ML-Kurs-SS2023/slides/03_ml_intro_mva.md

241 lines
7.9 KiB
Markdown

% Introduction to Data Analysis and Machine Learning in Physics: \ 3. Machine Learning Basics, Multivariate Analysis
% Martino Borsato, Jörg Marks, Klaus Reygers
% Studierendentage, 11-14 April 2023
## Multi-variate analyses (MVA)
* General Question
\vspace{0.1cm}
There are 2 categories of distinguishable data, S and B,
described by discrete variables.
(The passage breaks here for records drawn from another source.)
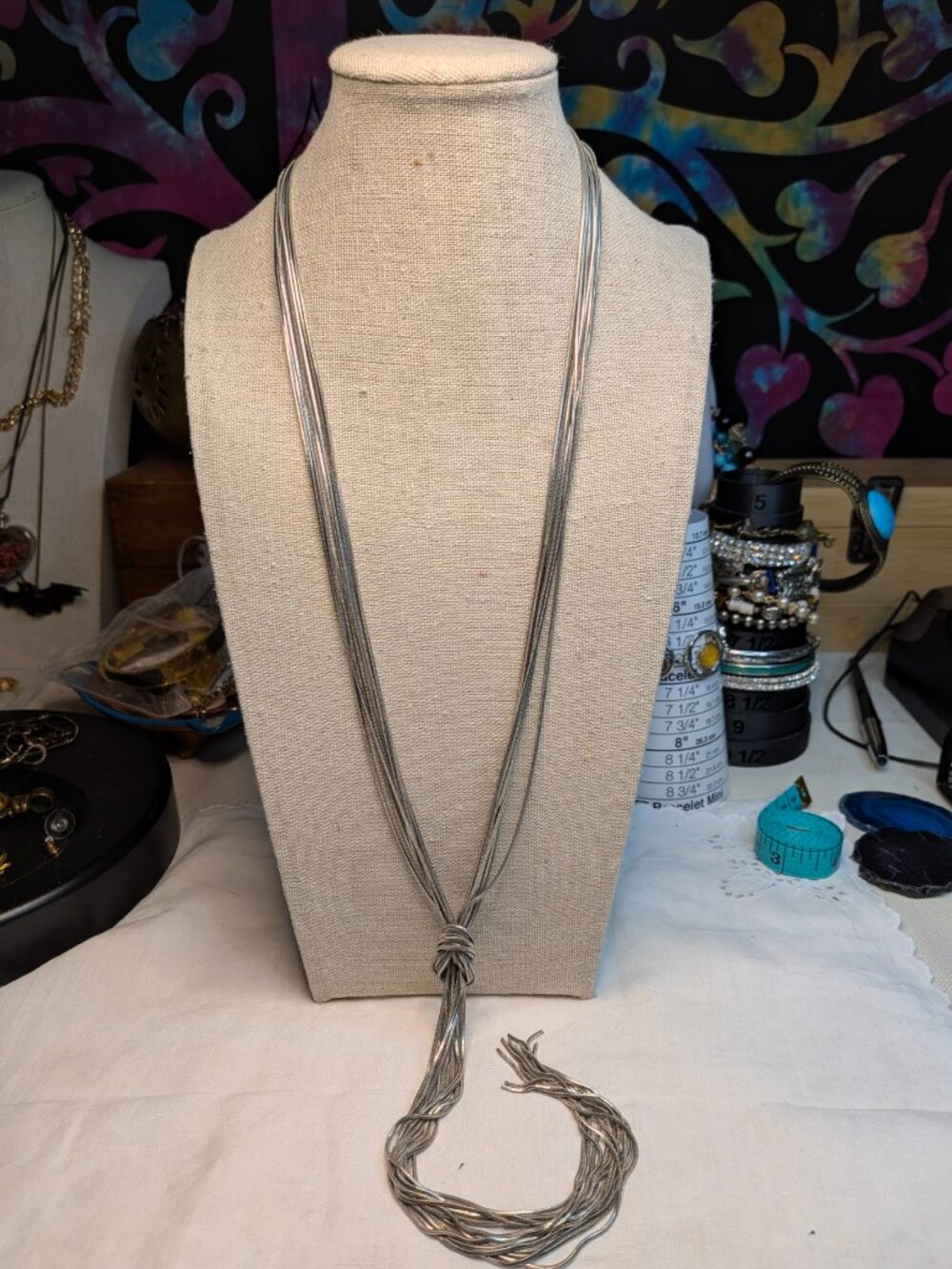 Silver Tone Multi Strand Snake Chain Tassel Necklace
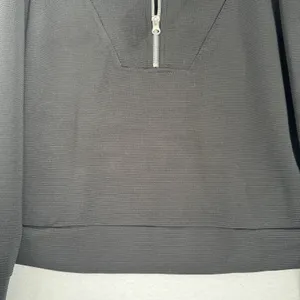 Adrienne Vittadini Sport Women L Black Quarter Zip Pullover Textured Athleisure thumbnail 5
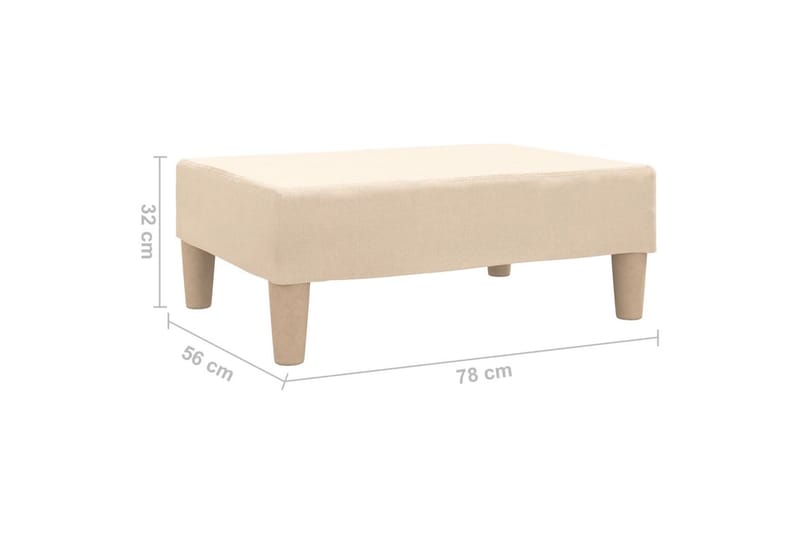 Fotpall gräddvit 78x56x32 cm tyg - Kräm - Möbler - Vardagsrum - Stolar & sittmöbler - Pallar - Fotpall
What are criteria for a separation
of both samples?
* Single criteria are not sufficient to distinguish S and B
* Reduction of the variable space to probabilities for S or B
\vspace{0.1cm}
* Classification of measurements using a set of observables $(V_1,V_2,....,V_n)$
* find optimal separation conditions considering correlations
\begin{figure}
\centering
\includegraphics[width=0.8\textwidth]{figures/SandBcuts.jpeg}
\end{figure}
## Multi-variate analyses (MVA)
* Regression - in the multidimensional observable space $(V_1,V_2,....,V_n)$
a functional connection with optimal parameters is determined
\begin{figure}
\centering
\includegraphics[width=0.8\textwidth]{figures/regression.jpeg}
\end{figure}
* supervised regression: model is known
* unsupervised regression: model is unknown
* for the parameter determination Maximum likelihood fits are used
## MVA Classification in N Dimensions
For each event there are N measured variables
\begin{figure}
\centering
\includegraphics[width=0.9\textwidth]{figures/classificationVar.jpeg}
\end{figure}
:::: columns
:::: {.column width=70%}
* Search for a mathematical transformation F of the N dimensional
input space to a one dimensional output space $F(\vec V) : \mathbb{R}^N \rightarrow \mathbb{R}$
* A simple cut in F implements a complex cut in the N dimensional variable space
* Determine $F(\vec V)$ using a model and fit the parameters
::::
::::{.column width=30%}
\includegraphics[]{figures/response.jpeg}
::::
:::
## MVA Classification in N Dimensions
:::: columns
:::: {.column width=60%}
* Parameters \newline
Important measures to quantify quality \newline \newline
Efficiency: $\epsilon = \frac{N_S (F>F_0)}{N_s}$ \newline
Purity: $\pi = \frac{N_S (F>F_0)}{(N_s + N_B)(F>F_0)}$
::::
::::{.column width=40%}
\includegraphics[]{figures/response.jpeg}
::::
:::
\vspace{0.3cm}
:::: columns
:::: {.column width=60%}
* Reciever Operations Characteristics (ROC) \newline
Errors in classification \newline
\includegraphics[width=0.7\textwidth]{figures/error.jpeg}
::::
::::{.column width=40%}
\includegraphics[]{figures/roc.jpeg}
::::
:::
## MVA Classification in N Dimensions
:::: columns
:::: {.column width=60%}
* Interpretation of $F(\vec V)$
* The distributions of \textcolor{blue}{$F(\vec V|S)$} and \textcolor{red}{$F(\vec V|S)$} are interpreted as probability density functions (PDF), \textcolor{blue}{$PDF_S(F)$} and \textcolor{blue}{$PDF_B(F)$}
* For a given $F_0$ the probability for signal and background for a
given $S/B$ can be determined \newline
$P ( data = S | F)= \frac {\color {blue} {f_S \cdot PDF_S(F)}} { \color {red} {f_B \cdot PDF_B(F)} + \color {blue} {f_S \cdot PDF_S(F)} }$
::::
::::{.column width=40%}
\includegraphics[]{figures/response.jpeg}
::::
:::
\vspace{0.3cm}
* A cut in the one dimensional Variable $F(\vec V) =F_0$ and accepting all events on the right determines the signal and background efficiency (background rejection). A systematic change of $F(\vec V)$ gives the ROC curve. \newline
\definecolor{darkgreen}{RGB}{0,125,0}
* \color{darkgreen}{A cut in $F(\vec V)$ corresponds to a complex hyperplane, which can not neccessarily be described by a function.}
## Simple Cuts in Variables
* The most simple classificator to select signal events are cuts in all variables which show a separation
* The output is binary and not a probability on $S$ or $B$.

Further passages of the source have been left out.